The method for preparing the foamed composition is not particularly limited, and typically, a dry blending method using a blender, a hensil mixer or the like is employed. The order of blending is not particularly limited, and all components may be mixed at the same time, or may be mixed in multiple stages. For example, all components except chemical foaming agent are premixed first, then chemical foaming agent is mixed, or wood flour and chemical foaming agent, and any additives are premixed first and then thermoplastic resin is mixed. The method of doing is mentioned.

[Manufacture of low thermal conductive moldings]
Using the prepared foamable composition, foaming and melt extrusion are simultaneously performed to produce a foamed resin body. Typically, a method using an extruder is employed. That is, the foamable composition is supplied to a hopper of an extruder, mechanically melted and kneaded in the extruder, and extruded into the air through a die to form a foamed resin molded body. As the extruder, a known extruder with a single or twin screw is used, and kneading, extruding and foaming of each component are performed in one extruder, and the operation is simple and production is possible. It has the advantage of high performance.

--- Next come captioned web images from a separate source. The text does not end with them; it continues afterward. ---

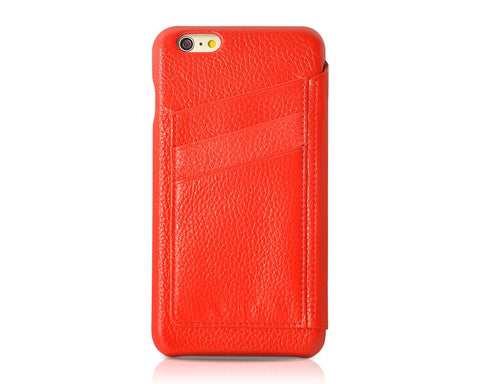 Eyelet Series iPhone 6S Plus Flip Genuine Leather Case - Red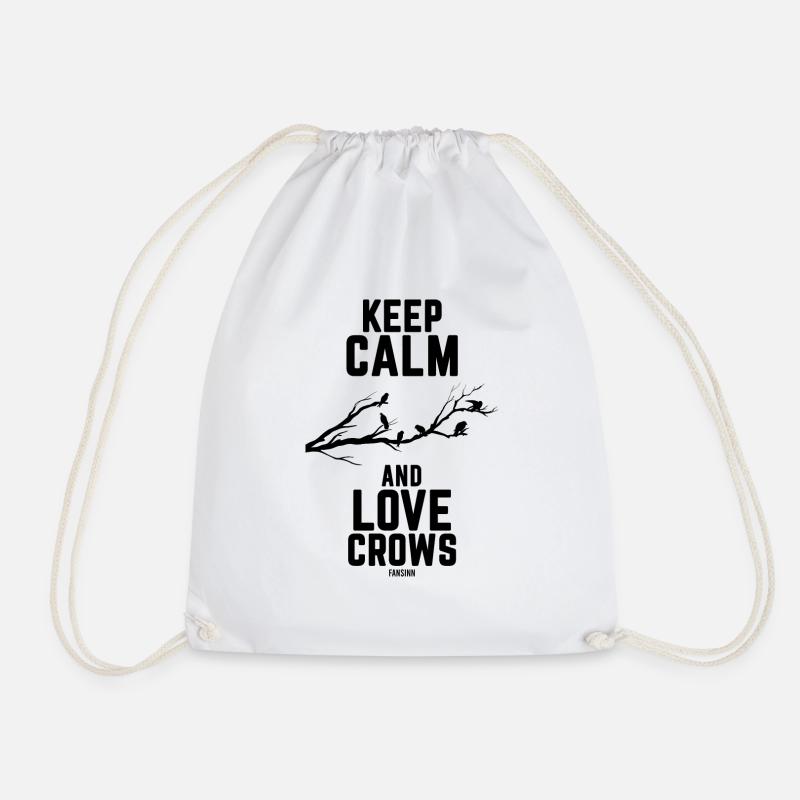 Raven Bird Crow Odin Gothic - Drawstring Bag - white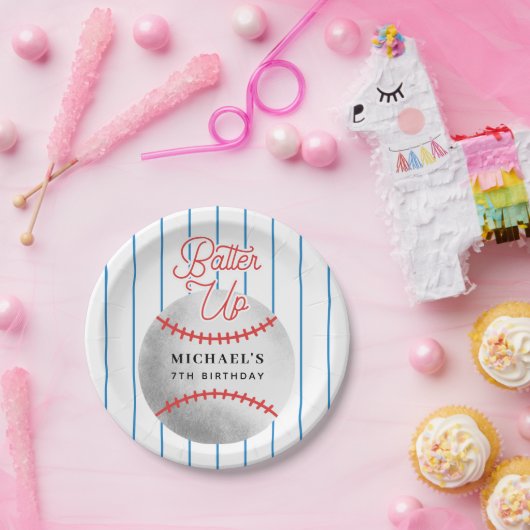 バッターアップボーイズ野球テーマ誕生会 ペーパープレート (パーティー)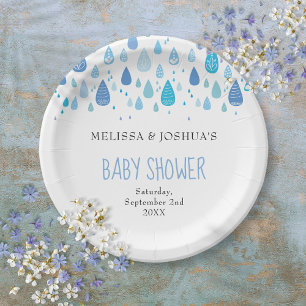 Prato De Papel Lindas gotas de chuva azuis Baby Shower Sprinkle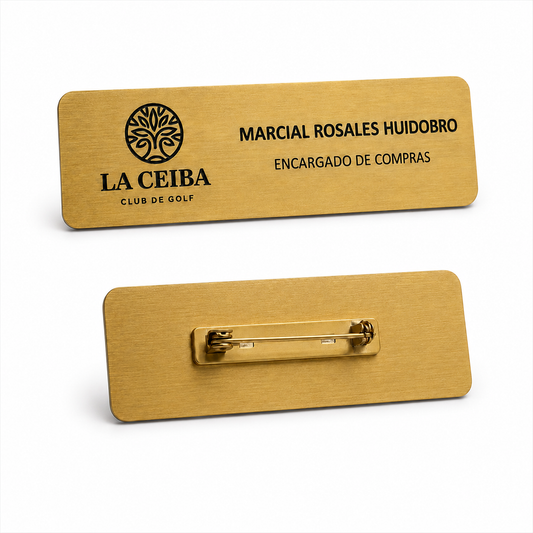 GAF110A. Gafete identificador de aluminio con broche alfiler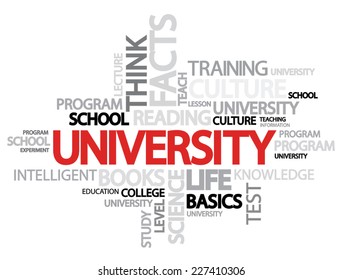 University Word Cloud Bubble Tags Tree Detailed Vector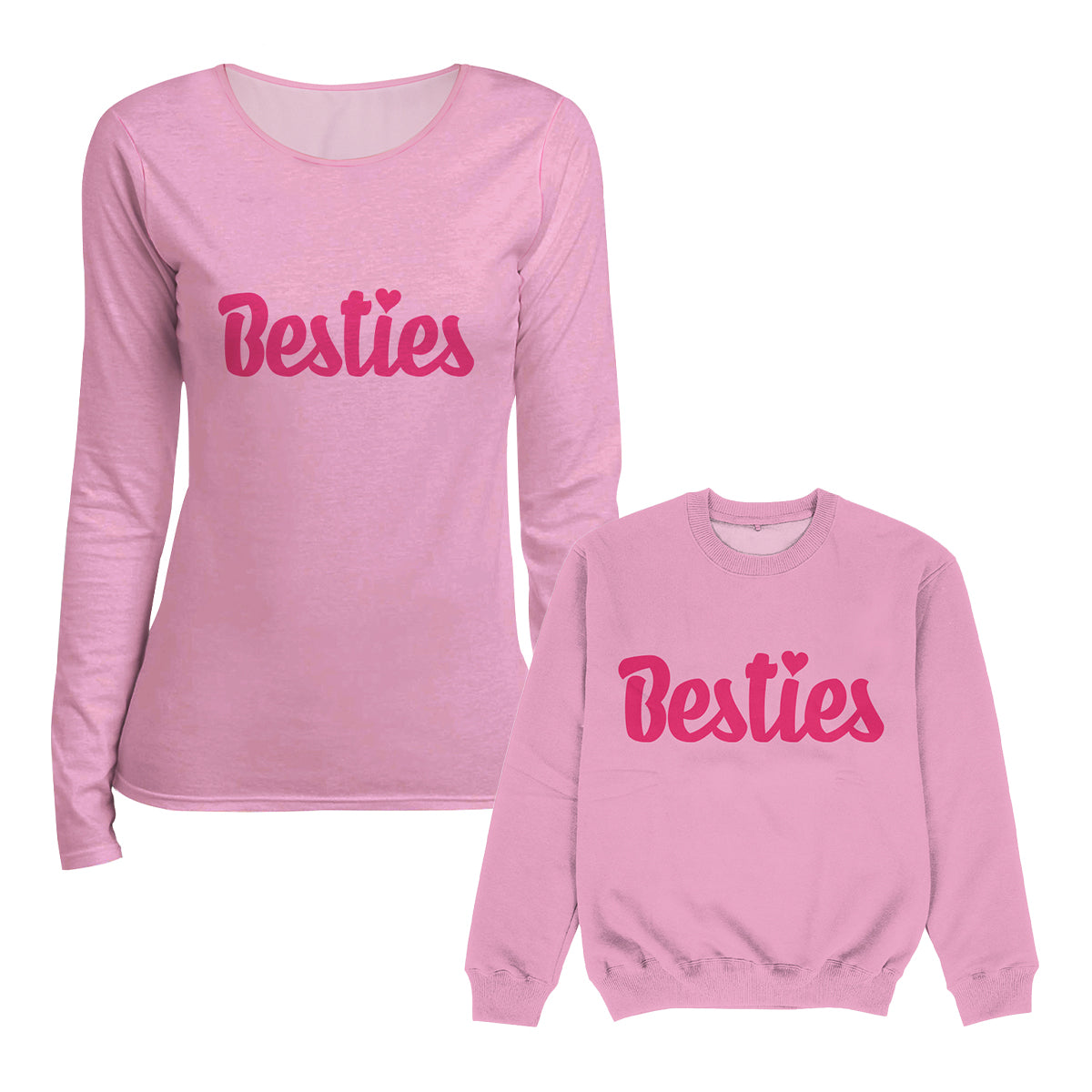 Besties Pink and Hot Pink Long Sleeve Tee Shirt - Wimziy&Co.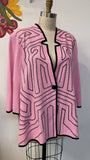 Ming Wang Pink/Black 3/4 Sleeve Sweater, 1X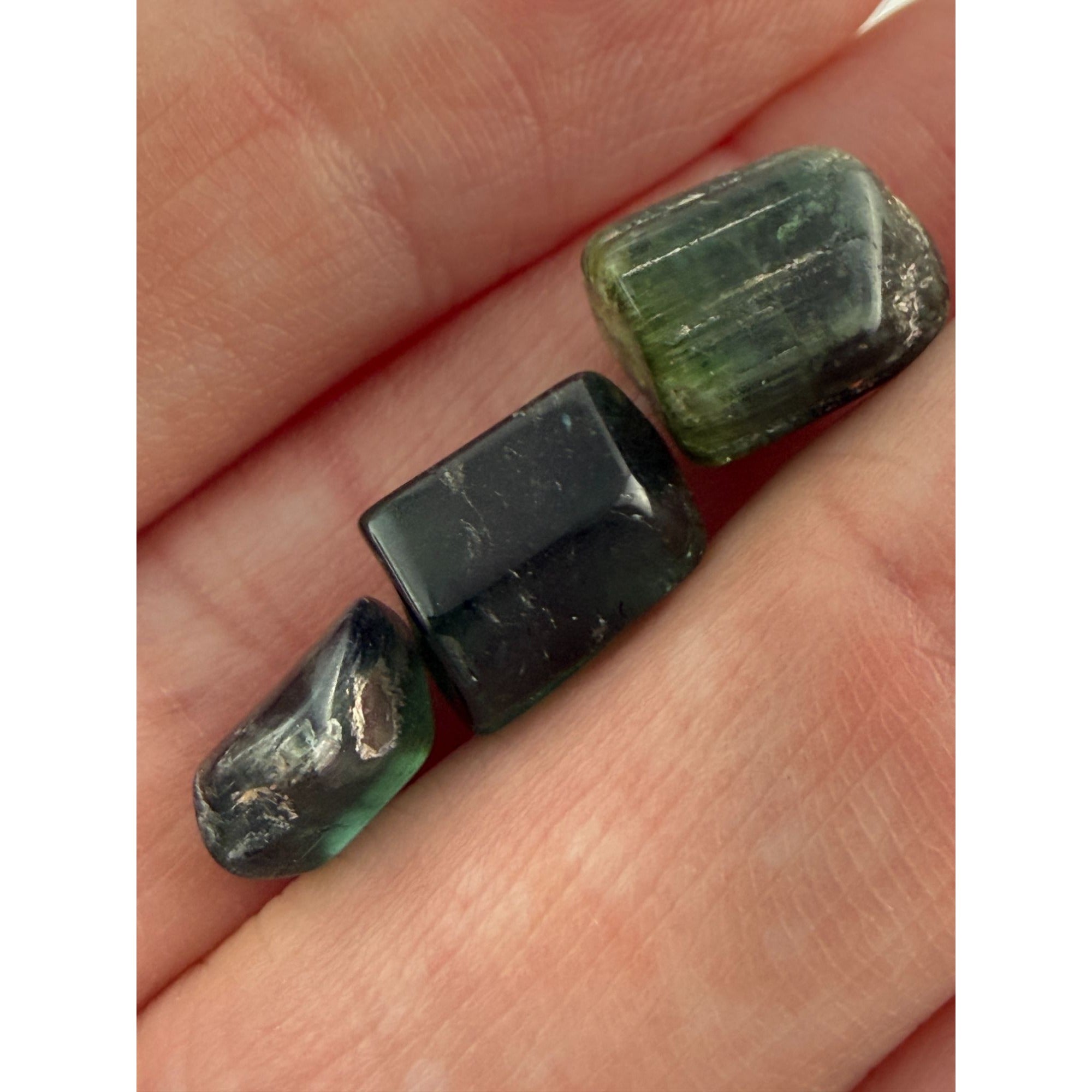 Group of 3 Natural Green Tourmaline Pieces Specimens 3g Total Weight of All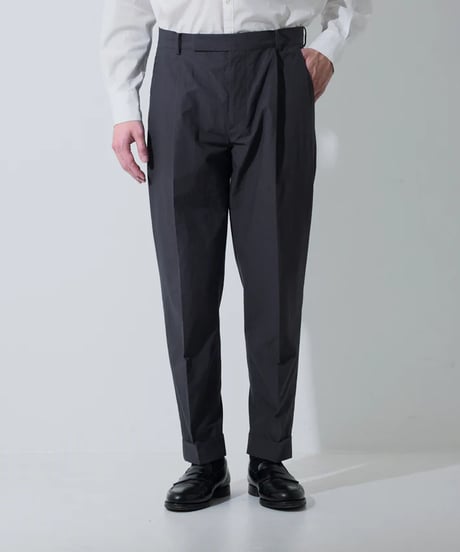 【:colon】CPT-1/ 2out-Pleats Slacks - CL WasherTypewriter - D.GRY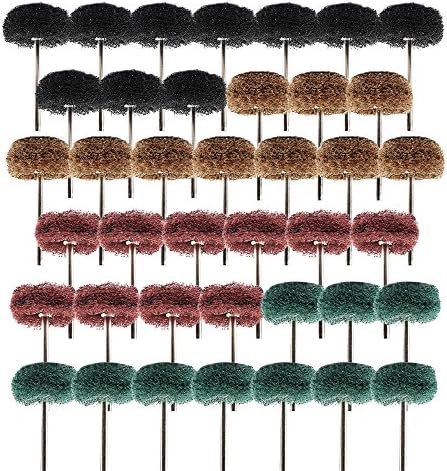 Wrightus 40Pcs 1" (25mm) Abrasive Wheel Buffing Finish Polishing Wheels Set For Dremel Rotary Tool and Metal Polishing Grinding Accessories For Proxxon Dremel Rotary Tool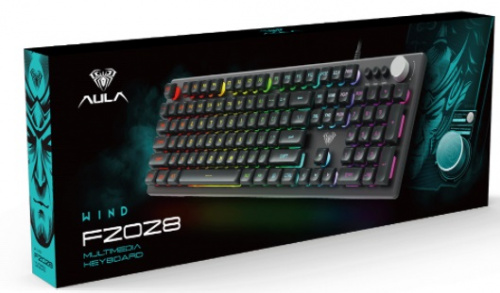 Клавиатура игровая AULA F2028 мембранная, алюминий/пластик, RGB подсветка кн., кабель 1,6м, USB, 106 кн. (1/20) (80001194) фото 2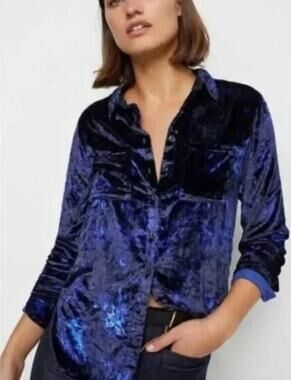 Anthropologie Pilcro Mara Relaxed Velvet Buttondown Women's Blouse US 4 Blue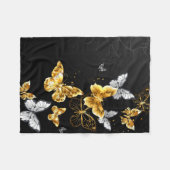 Couverture Polaire Papillons blancs et dorés (Devant (Horizontal))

The low thermal conductive molded body of the present invention is characterized in that the surface layer portion of the foamed resin body has a skin layer having the specific property. The foamed resin molded body having the skin layer is produced by rapidly cooling the surface of the foamed resin body obtained by the above production method immediately after molding. Specifically, the cooling method of the same shape installed in the die exit of an extruder, or the method of cooling with a cooling roll is mentioned. The former is a known method known as the Selca process, and FIG. 1 schematically shows a Selca process molding machine used in the present invention. The cooling temperature is appropriately selected according to the extrusion temperature of the thermoplastic resin to be used and the characteristics of the skin layer to be designed. Usually, the cooling temperature is a room temperature or a water temperature (5 to 20 ° C.) which is a cooling medium. Is set.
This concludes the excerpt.